Catherine Onyemelukwe,
Nigeria Revisited: My Life and Loves Abroad
reviewed by Alison McBain
Nigeria Revisited: My Life and Loves Abroad Publisher: Peace Corps Writers Date: October 31, 2014 Trade Paperback: 312 pages ISBN: 1935925474; 9781935925477 Price: $14.62 |
Catherine Onyemelukwe is a writer who lives in the next town over from me, and I first met her a couple of years ago at my local library. Although I didn’t chat with her very much then, I was intrigued by what she told me about her memoir. I didn’t pick up her book until pretty recently, however, and I was glad to have the opportunity to read it. Her story is very interesting: a mixture of adventure and historical events, love and danger, humor and tragedy.
Her journey to Nigeria began as a member of one of the first groups of Peace Corps volunteers to be sent abroad, a year after the Corps was established in 1961. She was sent to teach German to children in a country she knew very little about. She planned to be away for two years, and ended up living in Nigeria for twenty-four years instead.
She was in Nigeria when President Kennedy was shot, and it was where she met her husband and had her children. She was there for the Biafran War, also known as the Nigerian Civil War. Her husband was Ibo and supported Biafran independence, and she experienced the terrors of bombings and evacuations, threats of scarcity and danger.
During this time, she also returned several times to the United States. Once, she left during the civil war; and once, to pursue higher education to help with her employment.
When it comes to memoirs, I like to learn something new, not just about the writer, but also about the wider world. I enjoyed the level of detail Ms. Onyemelukwe included in parts of the novel, especially — and this is probably because my husband is a chef and I’ve learned to pay attention to these things — the different descriptions of food throughout the book. I feel that food is the one part of culture that can be distinctive at the same time as it is universal; no matter where you are, eating can be an action of family and community. And so I enjoyed experiencing a new cuisine, albeit vicariously.
Ms. Onyemelukwe’s writing is very straightforward and often almost sparse. I walked away from the book with a thorough knowledge of Nigeria and the customs of its people, but a somewhat less complete picture of the writer. Ms. Onyemelukwe lived through some interesting times, but sometimes there aren’t as many details as I would have liked.
I felt there was a fair amount of personal information related in a clinical way. The best passages of the book reflect her identity, with dialogue and humor and insight into the events taking place around her and inside her own life. But some parts of her life are told as if they happened to someone else.
I understand that a lot of time might have passed between the events themselves and the writing of the book, but this feels like it was done deliberately rather than due to a memory lapse.

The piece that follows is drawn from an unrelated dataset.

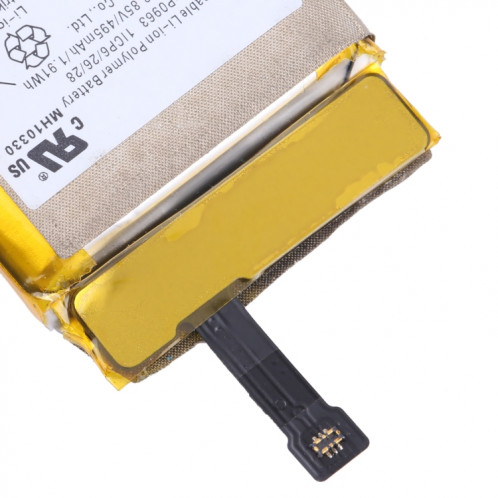 Pour le remplacement de la batterie de la montre intelligente EVE SH91011110-04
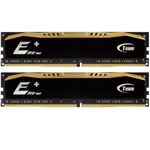 Модуль памяти для компьютера DDR3 8GB (2x4GB) 1866 MHz Elite Plus Black Team (TPD38G1866HC13DC01)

One example that comes to mind is the relation of her many affairs in her marriage. I felt I finished the book without knowing her personal reaction to the affairs. Did she love the men? How did it ultimately affect her family? All questions I wondered as I read, but remained unanswered by the end of the narrative.
Overall, though, I really enjoyed the memoir and would recommend it as a unique narrative for those interested in the Peace Corps or the events of Nigeria’s tumultuous history. Ms. Onyemelukwe lived in a pivotal time, and her marriage to a Nigerian sparked outrage and hate in America at a time when race relations were changing for the better but were still terribly tense. She persevered despite facing hatred and threats, and she raised a family and made a difference in her chosen home. I feel the overwhelming impression I had from the book was that her persistence overcame the obstacles thrown in her path.
I enjoyed reading the book, and I hope you will too.